The sidewalk outside Aunt Carmen’s house was made of checkered, pale red and gray concrete tiles. The house itself had rounded terra-cotta tiles on the roof. Upon entering for the second time, I noticed that the front room was a grand parlor. It was big, probably twenty by fifteen with a fourteen-foot ceiling. Lacey carved wooden ventilation grates snaked around both the ceiling and transoms. Hand-painted roses adorned the ceiling next to the grates. A cobweb-streaked art deco fluorescent light fixture that looked like a cross between a fan and a hotdog steamer hung not quite elegantly from the ceiling. Above the five and a half foot mark, the wallpaper of faded bluebells and mauve and green roses was streaked with water stains. On one wall, Jesus Christ, in a framed portrait measuring two by three feet, raised his eyes longingly toward heaven. A miniature nativity scene occupied one corner. Another framed two by three feet portrait hung on the front wall. In it, Pope Paul VI’s head and hands, which were holding a long chain round his neck, were taken from a photograph. But his white robe and zucchetto (cap) had been cut out of real fabric.
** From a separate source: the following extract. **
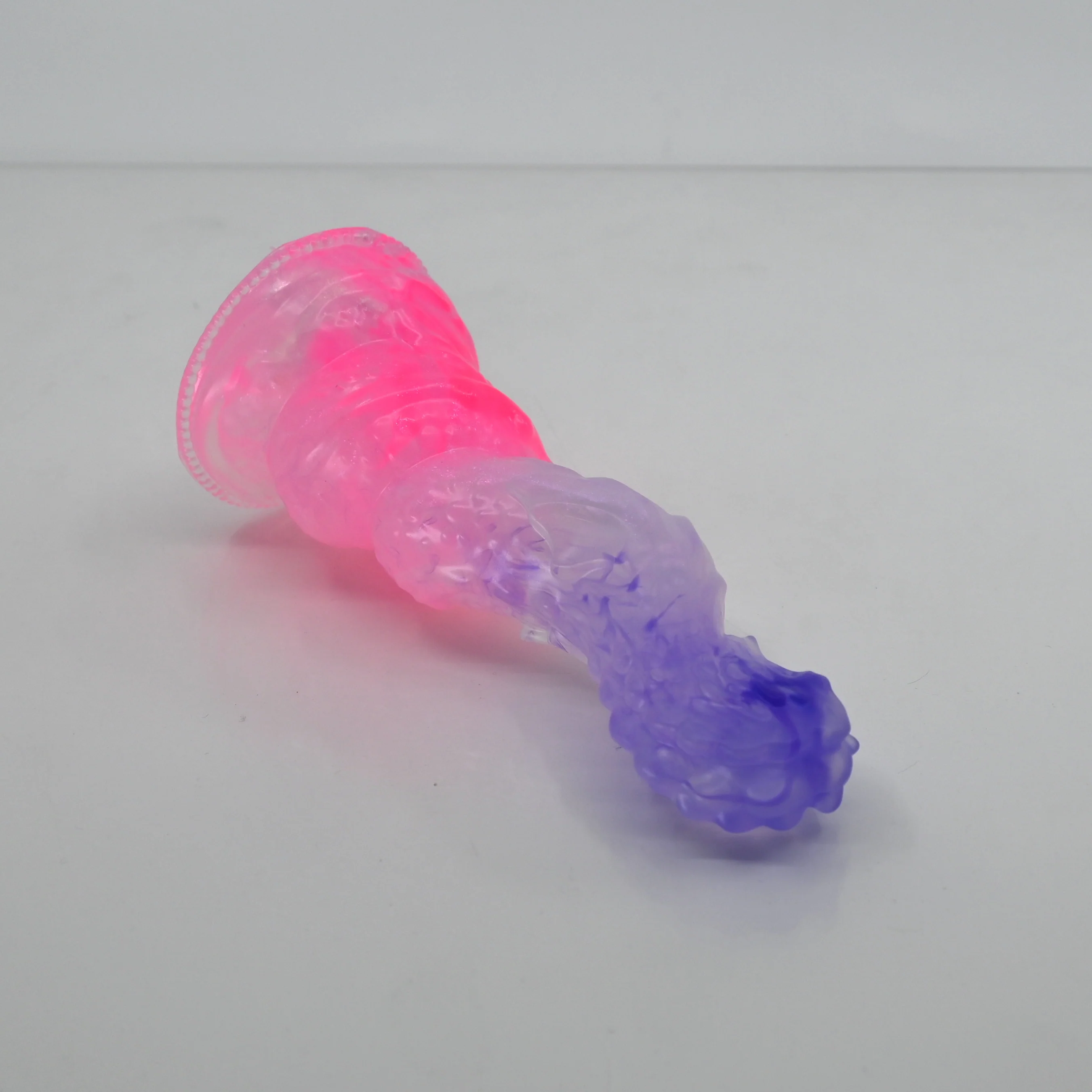 H1TCW31 Hydrae Mini NC 0031 UV - Image 2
White wicker rockers formed a circle in the center of the parlor.
Passing through this large, dark, sad anteroom, one entered an open corridor rather like a porch, adjacent to a courtyard. There were grand old wooden beams and pillars supporting arched, wainscoted ceilings. They, and the walls, as well, were painted a damn ugly chalky green. In various places in the ceiling there were frilly circular ventilation holes, even though this area was entirely unenclosed.
In one corner, a big shrine to the Virgin Mary was spray-painted silver. A large plastic figurine of the Virgin Mary stood in the middle, sporting a blue mantle and a red crown. Little lights adorned it and meandered around its many statuettes and printed images of Jesus, a bearded God, and Joseph. It had a very eclectic, 24-Hour-Church-of-Elvis feel.
On the north wall, shared with the anteroom, were more framed photos of previous popes and family members cut out and pasted on wood or fur with real fabric clothing. Two large murals—one of a thatched-roof house with a flower garden and a woman at a well, another, a few feet away, of a snowy wood and brook—adorned the east wall. Between these two murals, a life-sized, concrete, painted bishop’s head, in profile, jutted out—the godfather of Aunt Carmen’s brother’s kids.
Aunt Carmen listened almost constantly to Radio Free Vatican, or at least she almost always had it on. But despite all the religious imagery, idols, and radio, Aunt Carmen did not go around proselytizing all the time. Though certainly straightforward, she was generally very mellow, and very respectful of our philosophical differences.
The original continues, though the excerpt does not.